Previous PRMs often suffer from two major flaws: they ignore historical evaluations and lack visibility into how a step affects future reasoning.
**GPRM addresses these via:**
- **History-Aware Evaluation:** Explicitly conditions on previous steps and their associated judgments.
- **Future-Informed Reasoning:** Incorporates a look-ahead perspective to validate steps against subsequent derivations.
- **4-D Diagnostic Framework:** Structured evaluation across **Look-back** (consistency), **Look-ahead** (plausibility), **Self-check** (validity), and **Goal alignment**.
## Benchmark
### PRMBench (Overall Score)
| Model | Simplicity | Soundness | Sensitivity | Overall |
|-------|-----------|-----------|-------------|---------|
| GPT-4o | 59.7 | 70.9 | 75.8 | 66.8 |
| o1-mini | 64.6 | 72.1 | 75.5 | 68.8 |
| Gemini-2.0-flash-exp | 58.1 | 66.0 | 75.4 | 66.9 |
| Qwen2.5-Math-PRM-7B | 52.1 | 71.0 | 75.5 | 65.5 |
| R-PRM-7B-DPO | 55.2 | 71.2 | 76.6 | 66.8 |
| GenPRM-7B | 56.1 | 71.8 | 77.0 | 67.4 |
| Skywork-PRM-7B | 59.6 | 68.5 | 73.3 | 65.1 |
| GPRM-4B-SFT | 65.0 | 75.2 | 78.8 | 72.9 |
| **GPRM-4B-GRPO** | **65.8** | **76.2** | **79.3** | **73.9** |
| GPRM-14B-GRPO | 67.2 | 77.6 | 80.2 | 74.6 |
### ProcessBench (Avg. F1 Score)
| Model | GSM8K | MATH | OlympiadBench | OmniMath | Avg.

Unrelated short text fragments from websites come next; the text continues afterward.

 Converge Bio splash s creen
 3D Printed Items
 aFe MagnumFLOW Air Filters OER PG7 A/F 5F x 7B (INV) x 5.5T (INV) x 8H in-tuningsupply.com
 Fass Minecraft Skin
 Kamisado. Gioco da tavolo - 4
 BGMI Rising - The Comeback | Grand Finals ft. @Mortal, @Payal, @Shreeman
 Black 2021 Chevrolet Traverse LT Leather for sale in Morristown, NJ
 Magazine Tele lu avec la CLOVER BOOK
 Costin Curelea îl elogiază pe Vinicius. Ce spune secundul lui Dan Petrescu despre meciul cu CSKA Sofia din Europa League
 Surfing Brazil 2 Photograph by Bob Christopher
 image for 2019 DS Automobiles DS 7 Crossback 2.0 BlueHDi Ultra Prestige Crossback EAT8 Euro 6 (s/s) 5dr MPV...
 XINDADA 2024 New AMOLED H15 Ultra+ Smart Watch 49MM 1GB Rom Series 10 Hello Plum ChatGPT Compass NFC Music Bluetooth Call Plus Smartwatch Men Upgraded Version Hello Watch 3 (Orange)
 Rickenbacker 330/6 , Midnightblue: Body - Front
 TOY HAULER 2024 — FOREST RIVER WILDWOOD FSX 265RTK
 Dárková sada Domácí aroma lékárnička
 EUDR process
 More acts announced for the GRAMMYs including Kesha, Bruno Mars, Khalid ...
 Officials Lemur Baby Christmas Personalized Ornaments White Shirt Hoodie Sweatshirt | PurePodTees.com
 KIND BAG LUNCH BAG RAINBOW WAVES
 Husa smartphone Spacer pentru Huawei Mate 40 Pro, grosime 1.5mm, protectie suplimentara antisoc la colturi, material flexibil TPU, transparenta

F1 |
|-------|-------|------|---------------|----------|---------|
| GPT-4o | 79.2 | 63.6 | 51.4 | 53.5 | 61.9 |
| o1-mini | 93.2 | 88.9 | 87.2 | 82.4 | 87.9 |
| Qwen2.5-Math-PRM-7B | 68.2 | 62.6 | 50.7 | 44.3 | 58.5 |
| R-PRM-7B-DPO | 80.7 | 76.9 | 63.8 | 60.1 | 70.4 |
| GenPRM-7B | 73.7 | 77.9 | 71.8 | 73.8 | 74.1 |
| Skywork-PRM-7B | 70.8 | 53.6 | 22.9 | 21.0 | 42.1 |
| GPRM-4B-SFT | 73.1 | 76.2 | 69.4 | 70.5 | 72.3 |
| **GPRM-4B-GRPO** | **73.1** | **77.5** | **71.5** | **75.1** | **74.3** |
| GPRM-14B-GRPO | 74.7 | 79.3 | 73.9 | 75.3 | 75.8 |
### Agent Error Bench (Accuracy %)
| Model | ALFWorld (S/S+M) | WebShop (S/S+M) | GAIA (S/S+M) | Average (S/S+M) |
|-------|-----------------|-----------------|--------------|-----------------|
| Direct Prompting (GPT-4.1) | 28.0 / 14.0 | 30.0 / 6.0 | 26.0 / 10.0 | 28.0 / 10.0 |
| AgentDebug | 35.0 / 28.0 | 42.0 / 22.0 | 58.0 / 44.0 | 45.0 / 31.3 |
| **GPRM-4B** | **38.0 / 30.0** | **44.0 / 24.0** | **60.0 / 46.0** | **47.0 / 33.0** |
| GPRM-14B | 46.0 / 37.0 | 51.0 / 29.0 | 67.0 / 51.0 | 54.0 / 39.0 |
### Downstream Test-Time Search (Base: Qwen2.5-7B-Instruct)
#### Best-of-8 (Accuracy %)
| PRM Guide | AIME24 | AMC23 | MATH | OlympiadBench | College Math | Minerva MATH | Avg. |
|-----------|--------|-------|------|---------------|--------------|--------------|------|
| Reference: pass@1 | 11.2 | 47.8 | 73.0 | 38.0 | 38.6 | 37.2 | 41.0 |
| Reference: maj@8 | 20.0 | 57.5 | 79.6 | 47.0 | 41.5 | 42.7 | 48.0 |
| R-PRM-7B-DPO | 20.0 | 62.5 | 82.2 | 48.0 | 41.0 | 44.1 | 49.6 |
| **GPRM-4B** | **20.0** | **63.0** | **82.6** | **48.5** | **40.5** | **45.0** | **50.1** |
| GPRM-14B | 20.0 | 64.2 | 83.1 | 50.3 | 42.6 | 45.8 | 51.0 |
#### Greedy Guided Search@8 (Accuracy %)
| PRM Guide | AIME24 | AMC23 | MATH | OlympiadBench | College Math | Minerva MATH | Avg. |
|-----------|--------|-------|------|---------------|--------------|--------------|------|
| R-PRM-7B-DPO | 16.7 | 70.0 | 80.0 | 46.5 | 39.5 | 43.4 | 49.4 |
| **GPRM-4B** | **23.3** | **85.0** | **80.0** | **48.0** | **45.0** | **48.8** | **55.0** |
| GPRM-14B | 23.3 | 87.5 | 85.0 | 45.0 | 39.5 | 50.0 | 55.0 |
## Training Strategy
GPRM utilizes a two-stage progressive training pipeline:
1. **Stage I (Structured SFT):** Learns 4-dimensional diagnostic reasoning via targeted error injection (Calculation, Logic, Goal-drift, Inconsistency) using Qwen3-235B-Instruct as teacher for annotation.
2. **Stage II (GRPO Optimization):** Refines evaluation policy under complete global context (History + Current + Future) using Group Relative Policy Optimization on hard-mined samples from PRM800K.